Permaneceram em silêncio, apenas observando-a se aproximar do caixão e colocar um colar em forma de cruz sobre ele. Acompanhavam cada movimento seu com o olhar e ao perceber a nítida apreensão que consumia cada um deles, riu.

- Sabem, quando estávamos na escola, se alguém me dissesse que chegaríamos ao ponto de estarmos dividindo o mesmo espaço sem trocarmos uma única palavra, pediria a internação imediata da pessoa.
- Todos pediriam – o homem de cabelos muito negros se pronunciou e sua esposa apertou seu braço, desconfortável.
- Obrigada por não me deixar falando sozinha – disse sorrindo para ele, e teve o sorriso retribuído – Lamentável que nem todo mundo entenda o que um simples gesto como esse pode representar.
- Vamos embora – a mulher de cabelos tão negros quanto os do homem segurou o braço do marido e o puxou – Não sou obrigada a ficar e ouvir isso.
- E lá vai ela outra vez... – falou debochada, consultando o relógio – Alguém apostou que ela ficaria meia hora dessa vez?
- Quem você pensa que é pra vir aqui me ofender? – a mulher partiu para cima da outra, já com a mão apertando a varinha
- Aquela que você deixou na mão quando mais precisei. E logo quem eu mais ajudei...
- Senhoritas, por favor, não vamos brigar – o homem moreno se pôs entre as duas e logo afastou sua esposa da recém-chegada – Vamos mostrar um pouco de respeito, isso é um funeral.
- Respeito é uma coisa que há muito não existe entre nós, meu caro – o homem loiro que até o momento se manteve afastado consolando a esposa se manifestou. Ele tinha o semblante mais sério de todos, tão diferente de quando era garoto – Mas você está coberto de razão. Isso é um funeral. Se não existe mais respeito entre nós, que estamos vivos, vamos ter com os mortos. Uma pessoa que sempre representou muito para todos nós merece, ao menos, que as brigam sejam cessadas enquanto seu corpo está sendo velado.
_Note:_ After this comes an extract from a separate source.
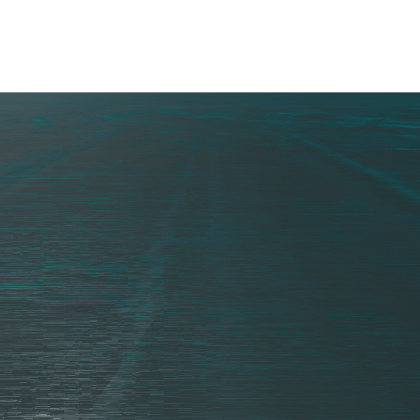 Water Script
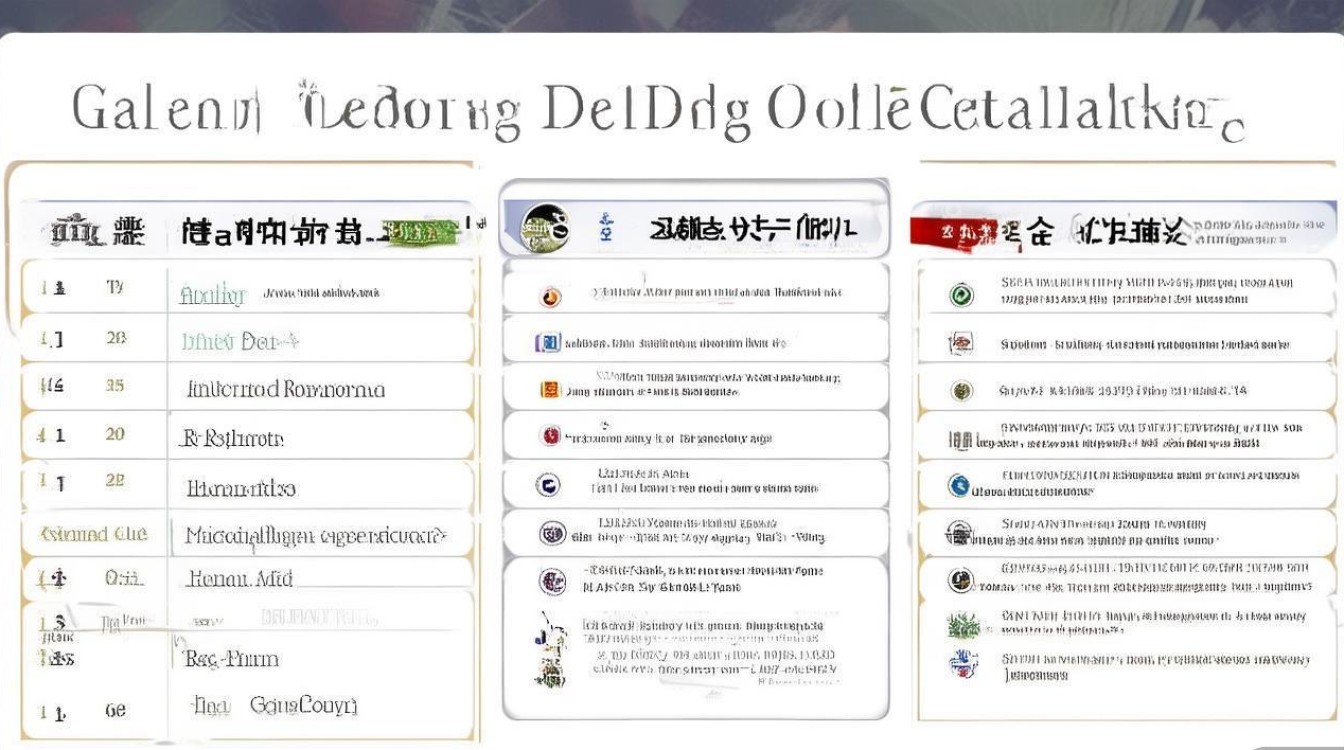 广东口腔专科学校排名如何，广东哪些大学有口腔专业？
Ninguém respondeu, mas concordaram em silêncio que ambos tinham razão. A chuva cessou e aos poucos os familiares e demais amigos começaram a se reunir ao redor deles, para que o enterro fosse, enfim, concluído. Nenhum deles se encarava. Contemplaram, com muito pesar, o caixão de madeira preta descer lentamente até ser totalmente coberto por terra e flores. Um a um, ainda sem trocarem uma única palavra, foram saindo. O homem loiro, até então muito sério, afastou-se da esposa e filhos e se dirigiu até a mulher. Com um sorriso fraco e muito abatido, puxou um envelope do bolso e lhe entregou.

- Não sei o que é, mas acho que pensava que você saberia – disse indicando o lugar onde minutos antes tinha um caixão – Foi a última coisa que me pediu, que lhe entregasse isso.
- Muita coisa ruim aconteceu e acabou por afastar a todos nós, mas alguma coisa me diz que vamos nos ver outra vez – disse sorrindo também e guardando o envelope no bolso
- Queria acreditar, mas não sei se devo. Muita coisa aconteceu, nós mudamos.
- Não, meu amigo, não mudamos tanto assim. Apenas esquecemos como éramos de verdade. Voltaremos a nos ver, eu garanto. E não será em um enterro.
- Conto com isso. E ninguém culpa você pelo que aconteceu, não se preocupe.
- Sei disso, mas obrigada assim mesmo.

O homem sorriu menos abatido dessa vez e deram um longo abraço antes de se afastarem. Ele ficou parado observando a amiga se misturar às demais pessoas e deixar o cemitério. Não via como uma reconciliação do grupo seria possível, mas torcia para que ela tivesse a solução.